De ce fait, la Chine, véritable tour de Babel en matière de prononciations et de dialectes a trouvé dans son écriture un élément d'unité"
Cette histoire de prononciation est vraiment réelle. Je m'en suis rendu compte lors d'un récent vernissage à l'institut Confucius de Rennes.Le peintre invité , Ge Xiaohong est originaire de Ningbo(au sud de Shanghai).Mon prof de peinture, Wang Chunyu, est ,lui ,né dans le Heilongjiang.Il devait servir d'interprête mais m'a avoué à la fin qu'il,avait eu beaucoup de mal à comprendre l'accent de Ge Xiaohong (j'avoue que je n'ai saisi que quelques mots !!!).Le seul point commun était l'écriture ...

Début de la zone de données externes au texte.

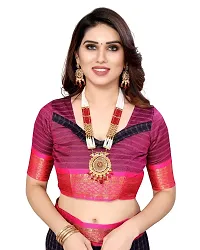Stylish Cotton Silk Saree With Blouse Piece For Women-thumb4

Toujours selon Belassen, les sinogrammes peuvent être rangés en quatre grandes familles :
-1 les pictogrammes ( représentations stylisées ou symbolisées de la réalité)

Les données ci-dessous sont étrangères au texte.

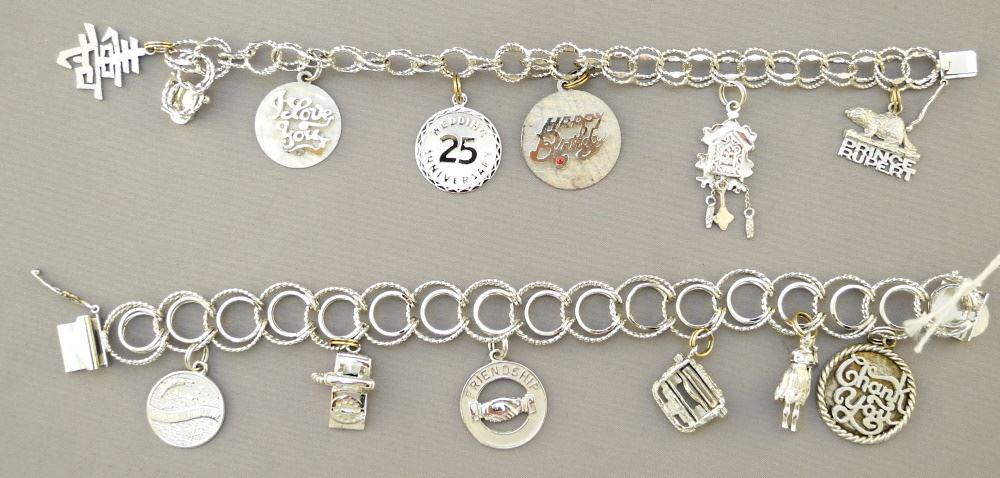 2 Silver Charm Bracelets, 8" long. (1 of 1)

-2 les idéogrammes ( associations d'idées à partir d'éléments simples)
-3 les idéophonogrammes ,composés d'une racine pictographique (ou clé)et d'unautre élément qui suggère la prononciation de l'ensemble.
4- les emprunts : Il y avait jadis par exemple le caractère "taille" qui se prononçait "yao" comme le verbe "vouloir" qui, lui, n'avait pas de signe; on a donc emprunté ce caractère pour écrire "vouloir" .Le caractère "taille" s'est vu rajouter la clé de la chair.
Le sinogramme correspond sur le plan phonologique à une syllabe tonalisée. Il y a environ 400 syllabes.
Comme le souligne B. Allanic dans sa méthode d'apprentissage du chinois, "il est impossible de déchiffrer la moindre ligne d'un texte chinois sans connaître les caractères"
C'est pour cela que l'on commence l'apprentissage du chinois par sa transcription phonétique (pinyin). C'est le cas aussi en Chine où les premiers mois de la scolarité sont consacrés à l'enseignement de cette transcription.
On peut souligner que les "smartphones","tablettes" "ordis" ou dictionnaires électroniques" nécessitent la connaissance du pinyin (les claviers sont "latinisés !!!) mais aussi la connaissance des sinogrammes pour pouvoir valider son choix.
@ Daweide
Avec un peu d'humour, vous pouvez répondre qu'il existe effectivement des "clés, ou radicaux " (un de mes livres en indique 214 !!!) Plus nombreux que nos lettres et leurs accents dans notre alphabet !!!
Ajoutez que leur assemblage permet d'écrire des milliers de sinogrammes, mais qu'heureusement il n'existe pas de signes de genre (féminin/masculin) ou de nombre (singulier/pluriel) ,ni de conjugaison... (Ces signes sont notés par d'autres caractères dans la phrase..une autre difficulté à surmonter !!!)